* _Exercise data_
☆ ☆ ☆

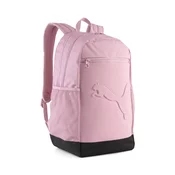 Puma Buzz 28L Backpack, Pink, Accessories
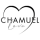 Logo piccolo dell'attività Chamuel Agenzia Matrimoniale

☆ ☆ ☆

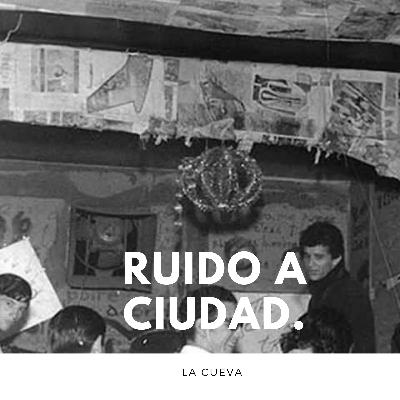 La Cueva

☆ ☆ ☆

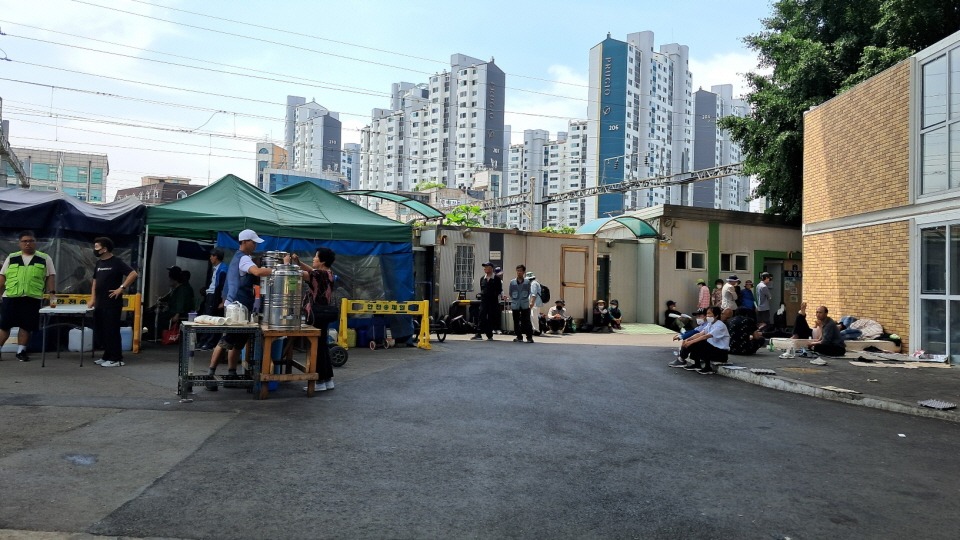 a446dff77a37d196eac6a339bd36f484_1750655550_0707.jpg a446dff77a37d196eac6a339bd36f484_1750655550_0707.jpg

☆ ☆ ☆

* _Problem details_
Find the line with "Puma Buzz 28L Backpack, Pink, Accessories" in the entries above. Set down exactly every line from it up to and including the line with "Logo piccolo dell'attività", images excluded.

* _Task answer_
 Puma Buzz 28L Backpack, Pink, Accessories
 Logo piccolo dell'attività Chamuel Agenzia Matrimoniale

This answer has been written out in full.